As fazendas de cliques atormentam as plataformas de Streaming
Quando ouvimos uma música em nossa plataforma de streaming favorita, não imaginamos que em algum lugar do mundo milhares de Smartphones também podem estar ouvindo, simultaneamente, essa mesma faixa. O objetivo dessa fraude é gerar receita indevida ou impulsionar falsamente as posições dos artistas nas paradas musicais.
Afinal, em plena era digital, números são sinônimo de muito sucesso. Um alto número de reproduções consegue atrair o algorítmo e isso pode ser dectado pelas gravadoras e até ampliar o pagamento de royalties. É lógico que essa fraude cria um mercado de streams falsos e pessoas mal-intencionadas vendem essas reproduções para artistas e empresários desesperados por uma visibilidade instantânea. Como diz o cantor Oswaldo Montenegro na música A Dama do Sucesso: “Como o sucesso é gostoso”

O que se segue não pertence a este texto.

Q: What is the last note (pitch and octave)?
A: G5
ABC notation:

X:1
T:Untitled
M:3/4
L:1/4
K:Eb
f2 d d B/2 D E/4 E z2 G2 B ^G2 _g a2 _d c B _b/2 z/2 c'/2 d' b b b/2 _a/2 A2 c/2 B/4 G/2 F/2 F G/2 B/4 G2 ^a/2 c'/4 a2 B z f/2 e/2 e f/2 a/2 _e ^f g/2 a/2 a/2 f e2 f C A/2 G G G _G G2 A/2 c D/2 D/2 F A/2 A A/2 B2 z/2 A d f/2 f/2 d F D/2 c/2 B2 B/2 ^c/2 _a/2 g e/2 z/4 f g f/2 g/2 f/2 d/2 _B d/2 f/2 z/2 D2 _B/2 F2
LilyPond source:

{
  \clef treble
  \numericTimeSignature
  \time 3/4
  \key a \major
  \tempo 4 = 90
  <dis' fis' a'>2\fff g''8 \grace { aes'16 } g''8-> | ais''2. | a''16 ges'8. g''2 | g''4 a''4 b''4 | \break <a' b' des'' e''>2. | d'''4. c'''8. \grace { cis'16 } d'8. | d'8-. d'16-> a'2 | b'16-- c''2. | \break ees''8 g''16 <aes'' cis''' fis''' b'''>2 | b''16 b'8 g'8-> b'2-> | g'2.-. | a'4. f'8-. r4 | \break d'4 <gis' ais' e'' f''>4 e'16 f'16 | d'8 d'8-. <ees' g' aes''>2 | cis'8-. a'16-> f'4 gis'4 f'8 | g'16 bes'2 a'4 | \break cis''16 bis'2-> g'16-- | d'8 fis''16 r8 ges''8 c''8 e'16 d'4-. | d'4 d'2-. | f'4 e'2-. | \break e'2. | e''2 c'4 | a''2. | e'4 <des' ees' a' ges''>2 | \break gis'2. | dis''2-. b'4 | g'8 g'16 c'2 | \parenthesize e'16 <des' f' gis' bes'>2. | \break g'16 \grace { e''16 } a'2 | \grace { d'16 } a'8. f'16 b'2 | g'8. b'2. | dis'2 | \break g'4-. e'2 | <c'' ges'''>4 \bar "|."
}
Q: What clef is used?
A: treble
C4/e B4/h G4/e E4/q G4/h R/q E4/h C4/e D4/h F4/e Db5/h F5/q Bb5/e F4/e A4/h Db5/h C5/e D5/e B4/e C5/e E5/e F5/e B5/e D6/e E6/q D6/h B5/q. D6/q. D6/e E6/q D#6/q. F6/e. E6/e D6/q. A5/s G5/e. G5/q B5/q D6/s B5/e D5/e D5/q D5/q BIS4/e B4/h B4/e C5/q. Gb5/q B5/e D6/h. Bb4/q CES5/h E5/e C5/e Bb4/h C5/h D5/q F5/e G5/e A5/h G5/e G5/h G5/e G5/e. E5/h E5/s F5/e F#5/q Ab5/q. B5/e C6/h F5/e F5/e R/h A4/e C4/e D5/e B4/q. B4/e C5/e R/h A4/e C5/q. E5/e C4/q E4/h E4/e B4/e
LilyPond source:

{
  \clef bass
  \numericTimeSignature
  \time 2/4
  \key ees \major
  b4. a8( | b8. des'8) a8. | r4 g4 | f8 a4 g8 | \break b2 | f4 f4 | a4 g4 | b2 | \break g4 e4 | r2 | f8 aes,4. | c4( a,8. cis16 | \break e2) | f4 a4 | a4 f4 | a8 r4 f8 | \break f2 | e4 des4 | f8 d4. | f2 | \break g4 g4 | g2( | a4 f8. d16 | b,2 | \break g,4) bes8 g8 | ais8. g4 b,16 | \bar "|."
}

Os fraudadores utilizam vários métodos, como sofisticadas fazendas de bots, com milhares de dispositivos reproduzindo músicas em loop, até contas roubadas de usuários. Plataformas como Apple Music, Deezer, Spotify e Amazon Music consideram esse tipo de reprodução, que não reflete a intenção genuína do usuário, como fraude. Caso sejam detectadas, essas reproduções são removidas, os royalties retidos e as faixas até podem ser retiradas do ar.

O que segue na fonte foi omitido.